Мастерская сверкала идеальной, немыслимой чистотой. Панкратиха поработала на славу. Пол был вымыт, занавески выстираны, а скатерть на столе оказалась вдруг розовой, хотя до сих пор была буро-коричневой. Даже развешанные по стенам маски Бетховена и Пушкина были старательно вымыты, отчего стали совсем уж безжизненными.

Последняя модель «Юности» стояла в углу и старательно была обмотана мокрыми тряпками, хотя это никому уже не было нужно. Кира Георгиевна сняла тряпки.

Скульптура ей не понравилась. Чего-то в ней не хватало. Все как будто на месте, а чего-то вот не хватает. Она прошлась по мастерской. Плохо, все плохо. И колхозница, и раненый солдат, и Барбюс, и девочка с голубем. Плохо, плохо, плохо… Ощущение было такое, будто она рассматривает что-то сделанное много-много лет назад, и не ею, а кем-то другим.

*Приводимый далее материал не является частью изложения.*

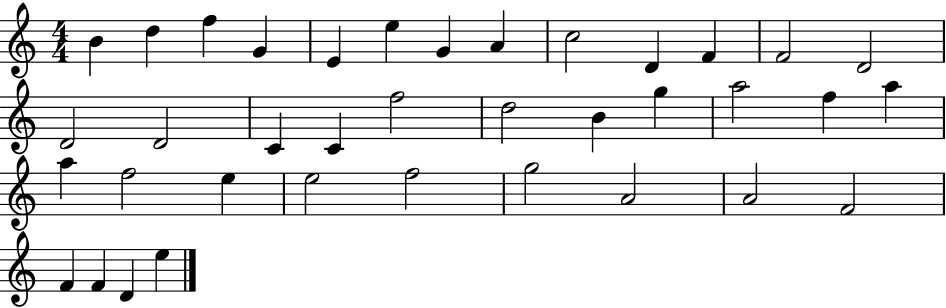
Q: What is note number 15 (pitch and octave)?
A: D4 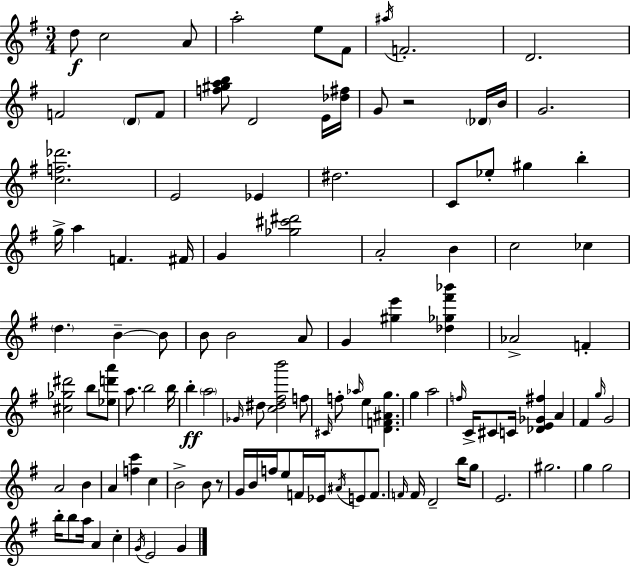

Понравилось ей только надгробие актрисы – очень низкий рельеф, профиль женщины на гладкой плите, и еще маленькая группка из пластилина – парень и девушка, сидящие на скамейке. Все же остальное казалось холодным, мертвым, придуманным. И вдруг стало жалко, что не кончила Катьку. Какая славная у нее мордашка была. Вообще, прав Николай Иванович: самое важное – это лицо… Без лица скульптуры нет. Поэтому так хорош Антокольский. В его лицах всегда мысль. В Киеве она долго стояла перед его Спинозой. Или гудоновский Вольтер со своей хитрой, лукавой улыбкой. Ей вспомнилась эта голова, глядевшая на нее с полуразвалившегося шкафа в алма-атинской берлоге Николая Ивановича, – при перевозке ее разбили и до сих пор никак не могли найти хорошую копию. Господи, как все это давно было…

Кира Георгиевна вытащила из сумки пачку сигарет, закурила – дома надо было всегда выходить в переднюю, – легла на диван, придвинула блюдечко, служившее пепельницей.

Вольтер… Спиноза… Мысль… Кира Георгиевна невольно взглянула на стоявшую в углу «Юность». Зажгла крохотную лампочку в черном колпачке, которой обычно пользовалась, когда ночевала в мастерской. Она любила этот свет. Он создавал какие-то неестественные тени, и скульптуры от этого становились непохожими на себя. Иногда даже лучше.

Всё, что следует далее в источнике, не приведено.